Provided material:
= = =
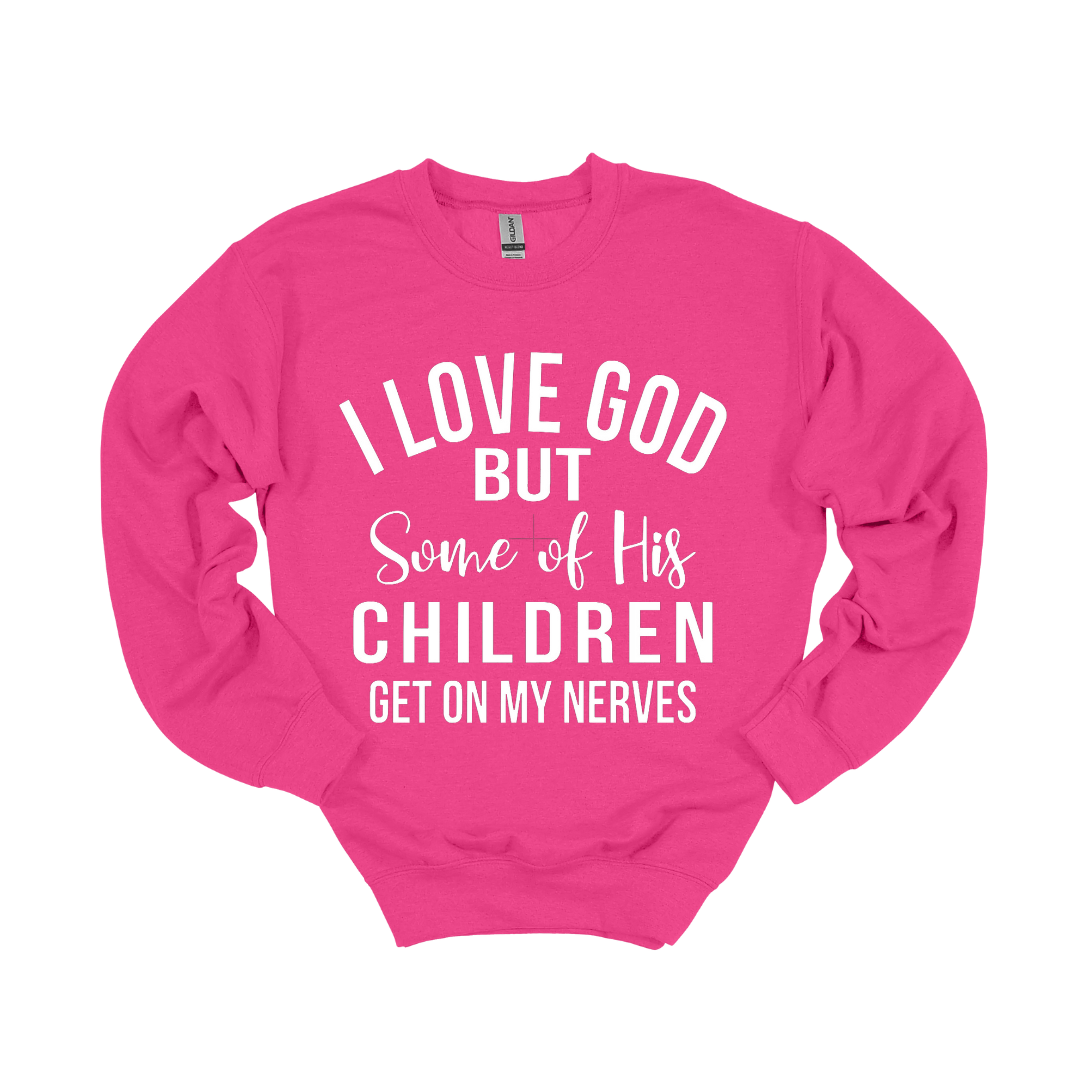 I Love God...Crewneck
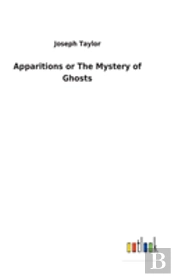 Apparitions Or The Mystery Of Ghosts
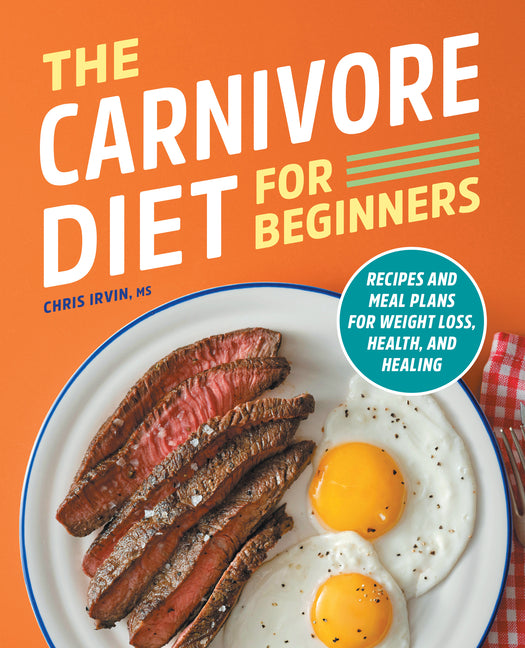 Carnivore Diet for Beginners: Recipes and Meal Plans for Weight Loss, Health, and Healing - Ingram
= = =
To do: Would you print the whole listing exactly, omitting the pictures?

Solution for this exercise:
 I Love God...Crewneck
 Apparitions Or The Mystery Of Ghosts
 Carnivore Diet for Beginners: Recipes and Meal Plans for Weight Loss, Health, and Healing - Ingram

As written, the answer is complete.